Hari ini, Selasa tanggal 20 Juni 2007 bertempat di Fakultas Hukum Universitas Gadjah Mada – Yogyakarta diadakan seminar sehari tentang pencucian uang (money laundering), kerjasama antara Fakultas Hukum Universitas Gadjah Mada dan Pusat Pelaporan dan Analisis Transaksi Keuangan (PPATK). Memang sejak diundangkannya UU No.15 tahun 2002 yang telah dirubah dengan UU No.25 tahun 2003, istilah money laundering di Indonesia semakin menggaung. Salah satu penyebabnya adalah karena sejak tahun 2001, Indonesia dimasukkan dalam daftar hitam (black list) Financial Action Task Force (FATF) suatu lembaga yang dibentuk oleh negara-negara G7, dimana Indonesia dinyatakan sebagai salah satu surga tempat pencucian uang di dunia. Dampak dimasukannya Indonesia dalam black list ini salah satunya dari sisi ekonomis terjadi peningkatan biaya transaksi lembaga keuangan domestik, dan dari sisi politis memperburuk citra Indonesia dimata internasional. Masuknya Indonesia dalam black list ini disebabkan karena tingginya angka korupsi, perdagangan narkotika, drugs dan psikotropika, illegal logging, penyelundupan orang dan barang, trafficking dan smuggling.
Lalu apa yang dimaksud dengan money laundering itu? Tidak ada definisi yang universal dan komprehensif mengenai apa yang disebut pencucian uang atau money laundering. Pihak penuntut dan lembaga penyidikan kejahatan, kalangan pengusaha dan perusahaan, negara-negara yang telah maju, dan negara-negara dari dunia ketiga, masing-masing mempunyai definisi sendiri berdasarkan prioritas dan perspektif yang berbeda. Definisi untuk tujuan penuntutan lebih sempit dibandingkan dengan definisi untuk tujuan penyidikan.
Prof. Sutan Remi Sjahdeini, salah seorang pakar hukum perbankan di Indonesia mengemukakan bahwa pencucian uang atau money laundering adalah rangkaian kegiatan yang merupakan proses yang dilakukan oleh seseorang atau organisasi terhadap uang haram yaitu uang yang berasal dari kejahatan, dengan maksud untuk menyembunyikan atau menyamarkan asal-usul uang tersebut dari pemerintah atau otoritas yang berwenang melakukan penindakan terhadap tindak pidana dengan cara terutama memasukkan uang tersebut ke dalam sistem keuangan (financial system) sehingga uang tersebut kemudian dapat dikeluarkan dari sistem keuangan itu sebagai uang yang halal.

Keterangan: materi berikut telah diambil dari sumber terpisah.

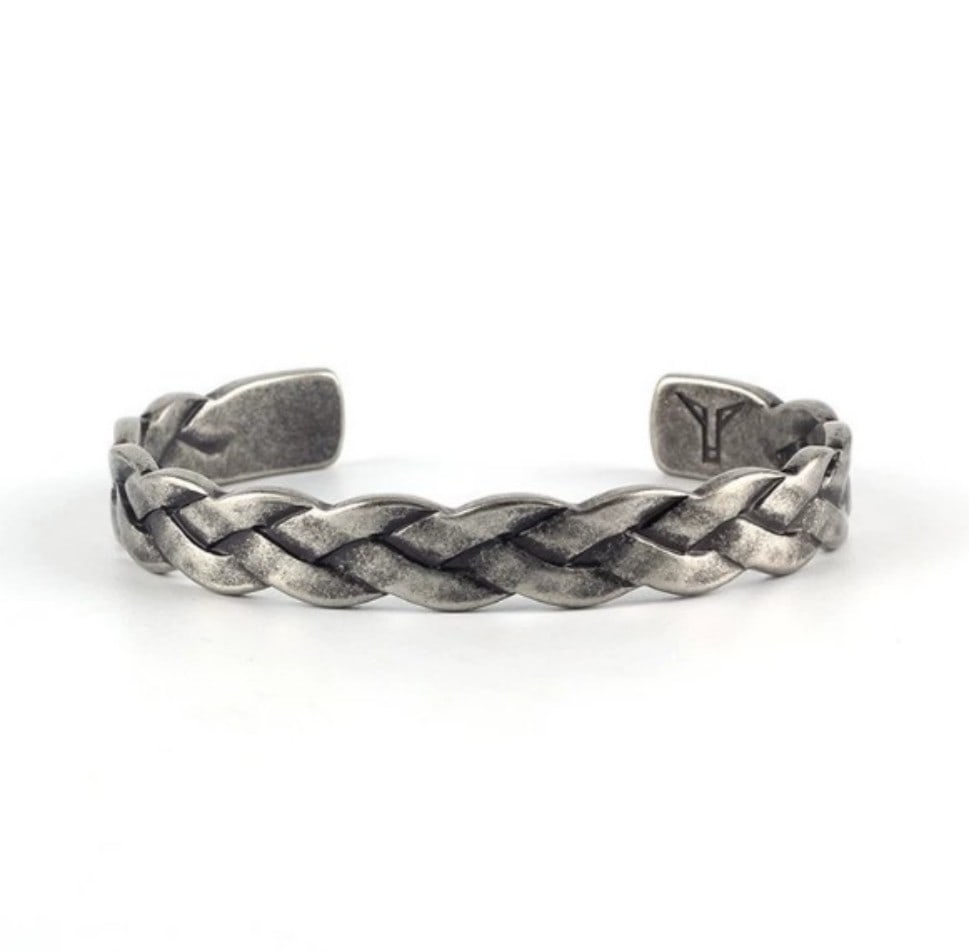 BRAIDED SILVER-TONE BRACELET: BRAIDED SILVER-TONE BRACELET Description: A braided silver-tone bracelet with a woven or twisted construction. The catalogue should note clasp condition, metal marks, length, flexibility and areas of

Definisi diatas cukup lengkap namun terlalu panjang, untuk itu penulis secara singkat menyimpulkan bahwa pencucian uang (money laundering) adalah upaya untuk melegalkan penghasilan illegal (legitimizing illegitimate income). Penghasilan illegal tersebut berasal dari hasil tindakan-tindakan kejahatan berupa : korupsi, penyuapan, penyelundupan, transaksi perbankan, pasar modal, asuransi, narkotika, psikotropika, terorisme, pemalsuan uang, judi dan atau prostitusi. Pasal 2 UU No.15 tahun 2002 mengkualifisir 24 jenis tindak kejahatan yang menjadi sumber asal terjadinya uang untuk tindakan money laundering.
Selanjutnya, apa dampak dari terjadinya pencucian uang itu? Pencucian uang membawa dampak yang sangat besar baik dari sisi ekonomi maupun dari sisi hukum dan sosial. Dari sisi ekonomi, ia bisa menyebabkan instabilitas sistem keuangan, mendistorsi sistem persaingan bebas, mempersulit pengendalian moneter serta meningkatnya country risk. Faktanya dikehidupan sehari-hari, terjadilah peningkatan biaya sosial (social cost) diseluruh aspek kehidupan. Sedangkan dari sisi hukum dan sosial, pencucian uang mengakibatkan meningkatnya kejahatan baik kuantitas maupun kualitas yang pada akhirnya menimbulkan kerawanan sosial. Mengapa kejahatan meningkat? Karena uang hasil dari kejahatan itu akan dijadikan sebagai sumber dana terhadap kejahatan-kejahatan lainnya. Sehingga terjadilah lingkaran setan yang sulit diputus rangkaiannya.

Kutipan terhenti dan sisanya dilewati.